The funding is part of the plans disclosed Friday by state Atty. Gen. Kamala D. Harris for distributing the cash.
Harris, who helped negotiate the agreement with the nation’s five biggest banks, said she also plans to spend the rest of the money on reaching out to and educating homeowners stuck in the hardest-hit parts of the state; on further investigations and oversight of the settlement funds; and on helping borrowers who can’t stay in their homes.
“Homeowners who receive meaningful counseling are far more likely to avoid foreclosure,” said Shum Preston, a spokesman for Harris.
The cash the state received is part of $3.5 billion in total cash payments made to 49 states in the overall settlement with five of the nation’s biggest banks.
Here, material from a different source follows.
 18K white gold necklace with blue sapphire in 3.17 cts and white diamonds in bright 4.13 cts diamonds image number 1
The global settlement of accusations that the banks improperly or fraudulently foreclosed on homeowners provides $25 billion in aid to struggling borrowers.
“There are over half a million California households currently in the foreclosure pipeline, so we understand the importance of getting these funds into the communities where they’re needed and to the homeowners most affected by this crisis,” Preston said.
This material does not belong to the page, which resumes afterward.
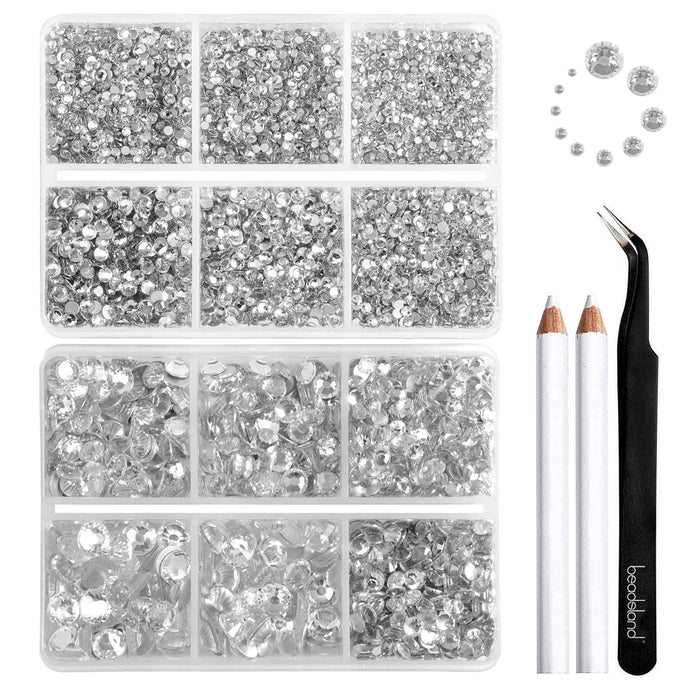 Beadsland 8300 piezas de diamantes de imitación con reverso plano, gemas para uñas, diamantes de imitación de cristal redondos para manualidades, 10 tamaños mezclados con lápiz de cera y kit de pinzas, SS3-SS30 - Cristal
Community organizer Peggy Mears at the Alliance of Californians for Community Empowerment said funds need to go to African American and Latino families first because they were the hardest hit by the foreclosure crisis.
Mears said the money needed to go toward helping homeowners, not to filling the state’s budget deficit, as it has in other states.
“We need the highest levels of accountability for this money,” she said. “This settlement was for homeowners who were dealing with the foreclosure crisis.”
Housing counseling agencies across the U.S. have struggled in the face of the crisis, just as demand for their services has gone up.
The tough economy and a more competitive environment for nonprofits have hit counselors who provide foreclosure counseling, said Anna Lisa Biason, director of fund development for Neighborhood Housing Services of Orange County.